The Opening of the Mouth Ceremony is the act of restoring the
mummy’s senses. This act was done at the entrance of the tomb by the
eldest son, known as a lay priest, to allow the mummy to accept
sacrificial offerings. If there were no heirs to perform the rite, a
sem priest would perform the act. This was famously noted in the
wall painting of Tutankhamun’s tomb. Because the young pharaoh did
not have an heir to his throne, his vizier Aye performed the rite
ensuring his claim as the next ruler. Prayers and spells were also
performed by lector priests from funerary texts to help the mummy
transition to the afterlife with ease.
These rituals could last for days and as many as 75 rites were performed. A high ranking mummy, such as a pharaoh, had the ceremony performed on all pictures and statues that resembled him. These rites helped to ensure the mummy, and any statues in the image of him, could become transporters of his Ka should his body become damaged.
The tools used to perform the Opening of the Mouth Ceremony were pretty standard for all rituals. These tools consisted of the pesheshkaf (indented blade), an adze (flat pick shaped tool), a serpent headed blade, and various amulets. Along with these tools, the right leg of an ox would have been butchered for the occasion.

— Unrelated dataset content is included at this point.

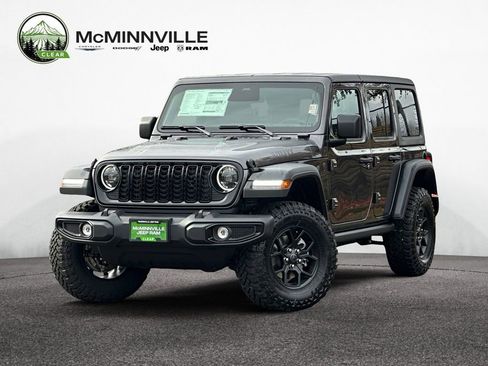 New 2026 Jeep Wrangler Unlimited Sport AWD/4WD image 1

After the rites had been given to the mummy, a lector priest recited
chants outside the tomb. At this time the final
offerings were placed inside the tomb and it was swept out. Outside
the tomb mourners ate oxen and bread while the priests made their
way back across the Nile. Once all the celebrations were completed
the tomb was then sealed. Cemetery workers applied stone, rubble,
and a plaster door stamped with a royal seal.
Although the tomb was sealed shut, it was important that the Egyptian family add offerings to the tomb for as long as they could finance it. This was done in hopes that the loved one would not go through a second death in the afterlife.